▶ Records to process:
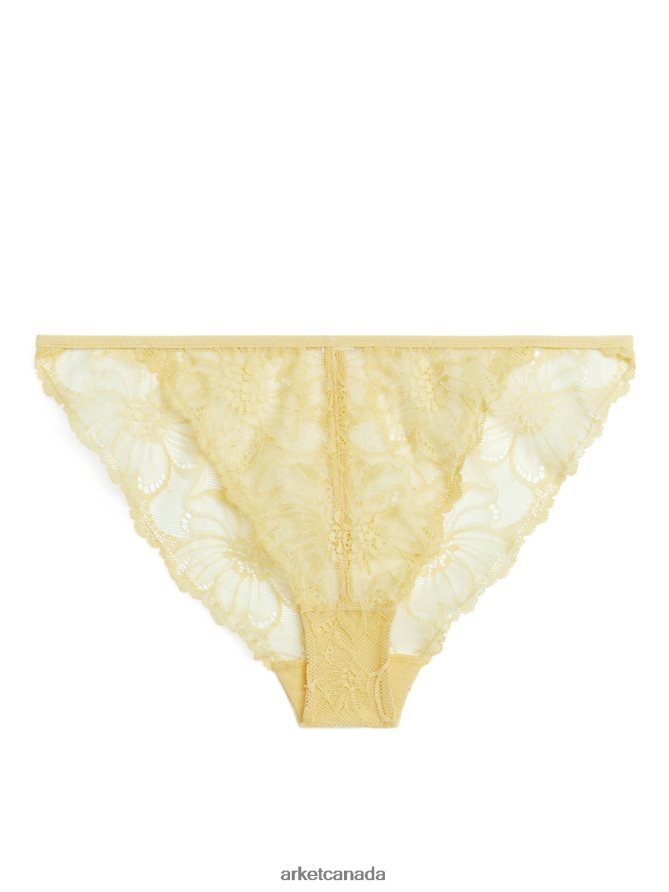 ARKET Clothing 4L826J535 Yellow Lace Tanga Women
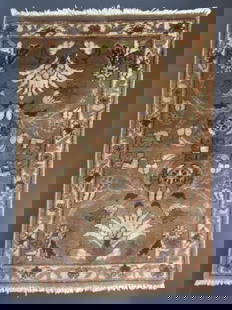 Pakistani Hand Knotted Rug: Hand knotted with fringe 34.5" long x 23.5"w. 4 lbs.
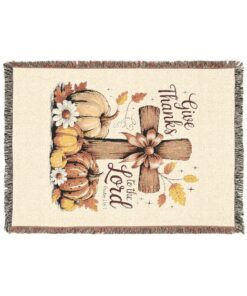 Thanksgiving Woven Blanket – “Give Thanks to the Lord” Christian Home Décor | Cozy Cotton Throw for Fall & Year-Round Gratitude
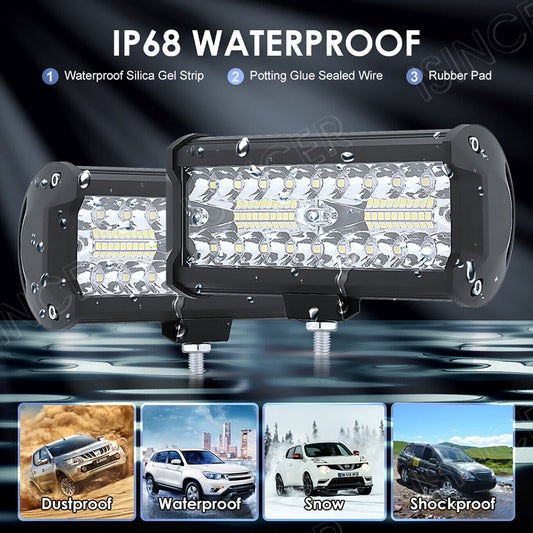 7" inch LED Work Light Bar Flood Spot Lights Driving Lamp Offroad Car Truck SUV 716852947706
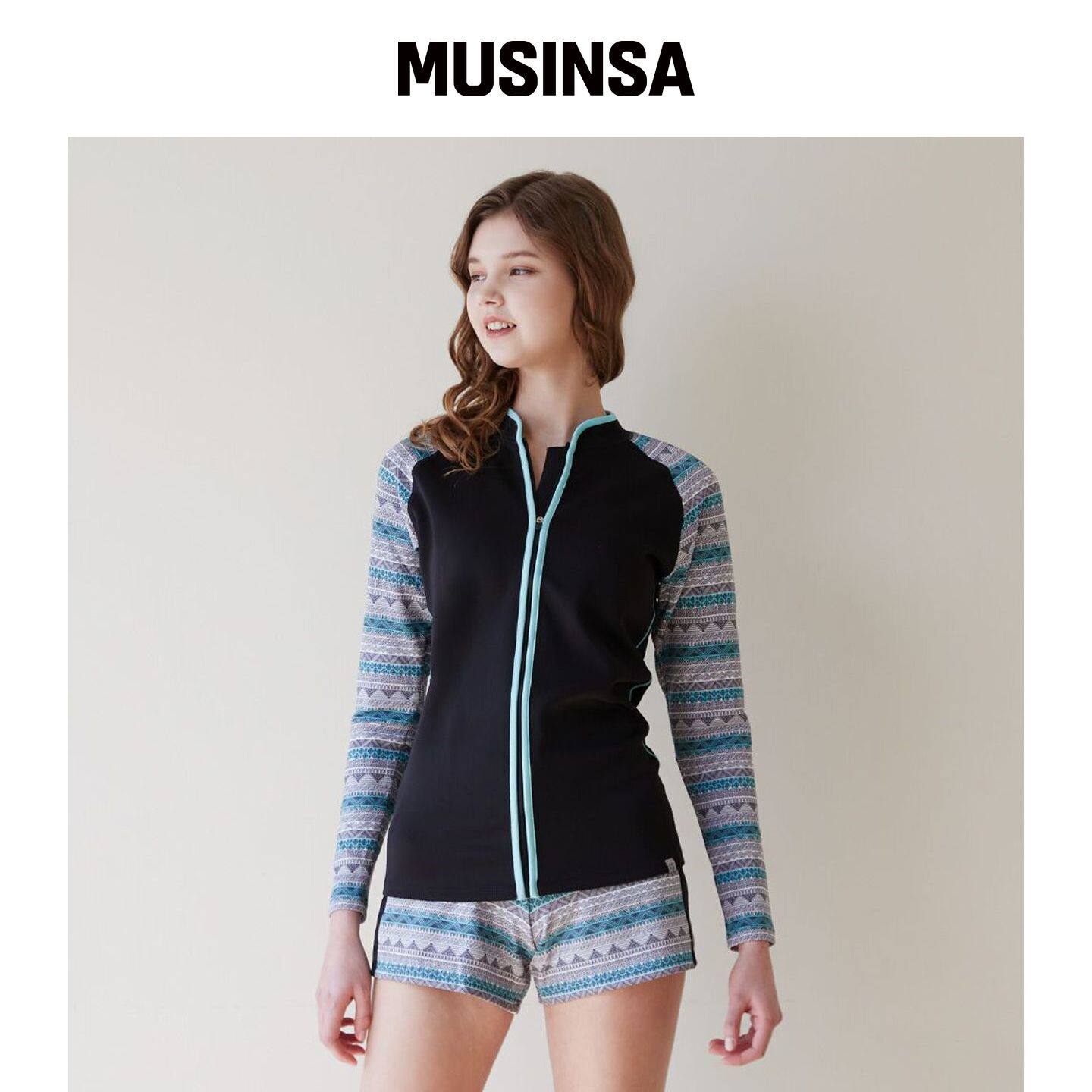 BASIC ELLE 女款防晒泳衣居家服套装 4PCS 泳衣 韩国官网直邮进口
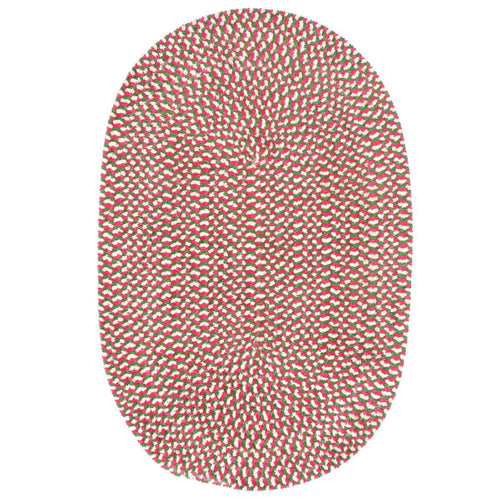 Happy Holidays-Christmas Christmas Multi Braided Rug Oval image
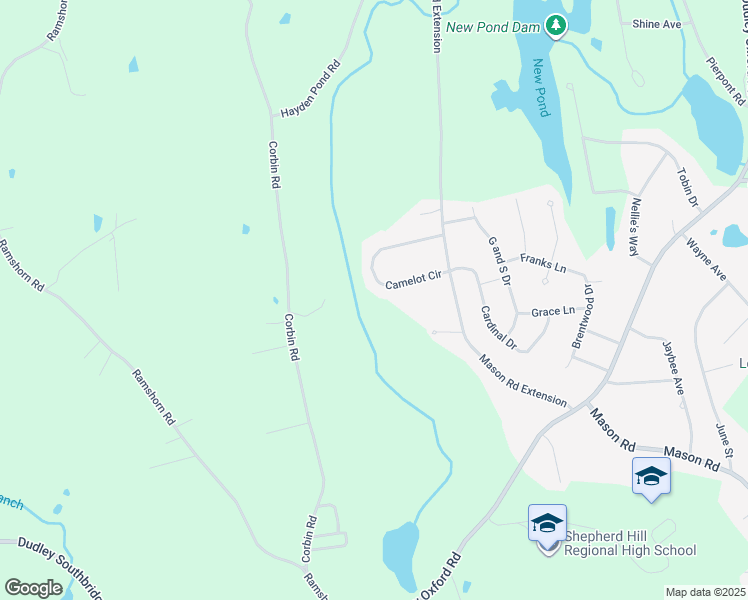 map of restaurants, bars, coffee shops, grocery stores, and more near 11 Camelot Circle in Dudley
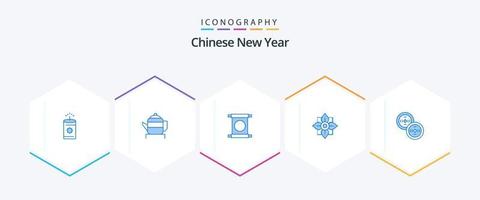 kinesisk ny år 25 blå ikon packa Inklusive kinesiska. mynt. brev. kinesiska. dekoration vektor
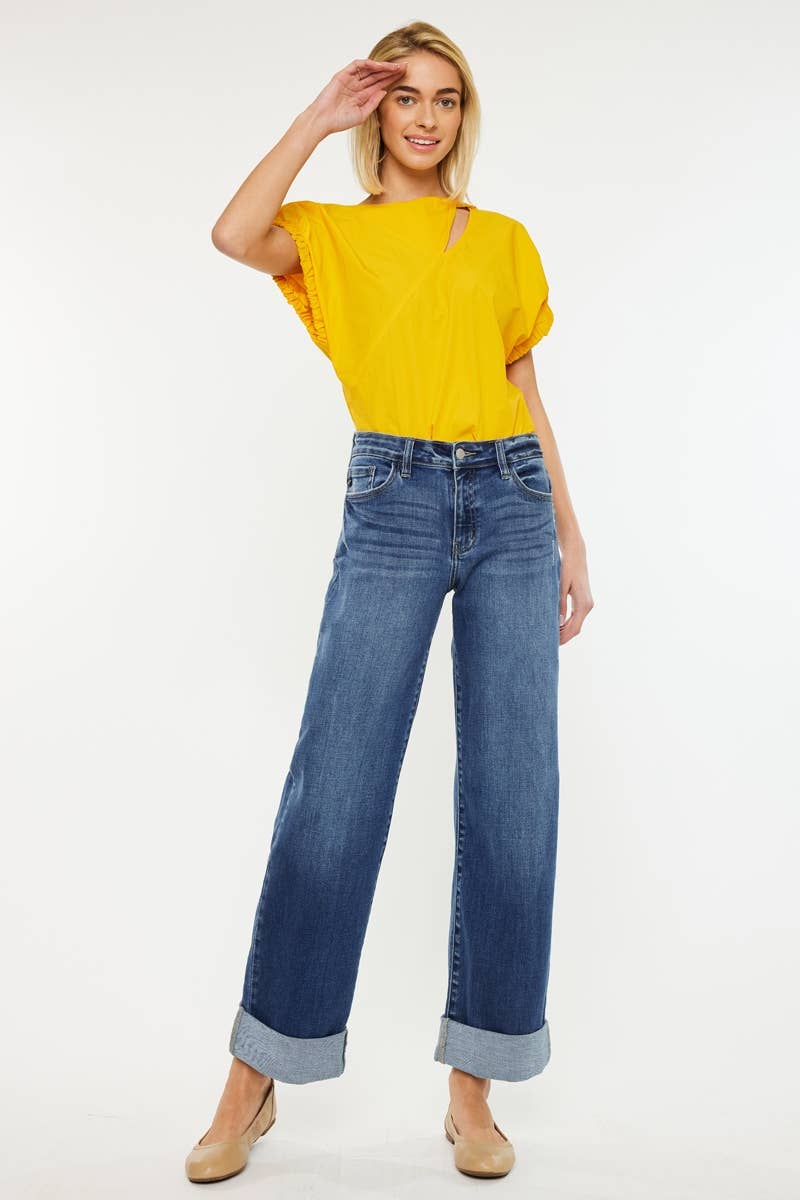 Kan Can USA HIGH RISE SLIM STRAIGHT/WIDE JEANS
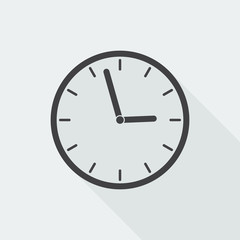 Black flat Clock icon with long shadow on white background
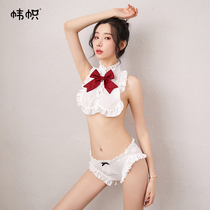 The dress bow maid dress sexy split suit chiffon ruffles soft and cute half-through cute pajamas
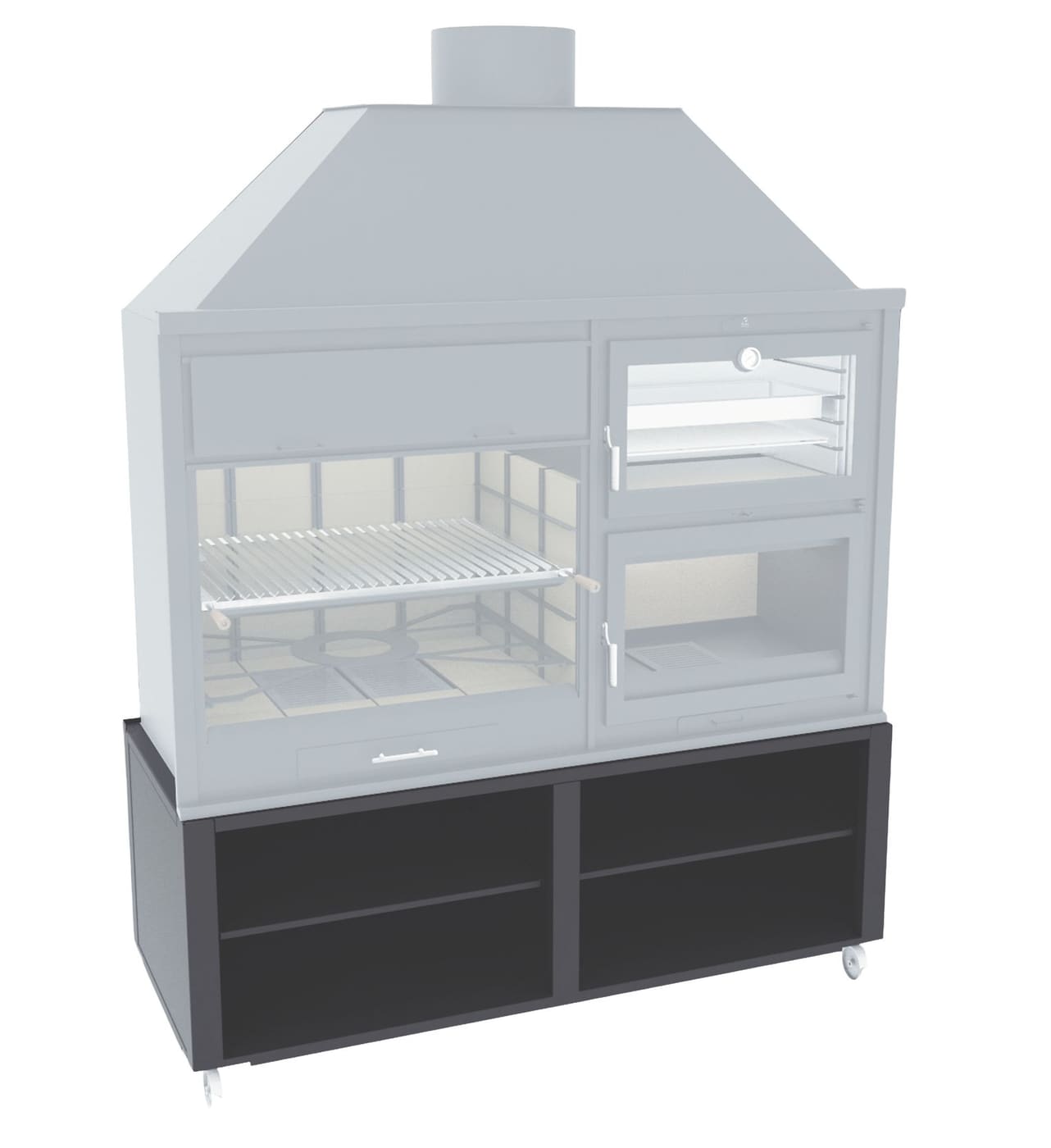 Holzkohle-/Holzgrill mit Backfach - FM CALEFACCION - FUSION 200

▶ Task details: The required result is the entries above, printed exactly from the first line through the line with "Thanksgiving Woven Blanket", pictures excluded.

▶ Response:
 ARKET Clothing 4L826J535 Yellow Lace Tanga Women
 Pakistani Hand Knotted Rug: Hand knotted with fringe 34.5" long x 23.5"w. 4 lbs.
 Thanksgiving Woven Blanket – “Give Thanks to the Lord” Christian Home Décor | Cozy Cotton Throw for Fall & Year-Round Gratitude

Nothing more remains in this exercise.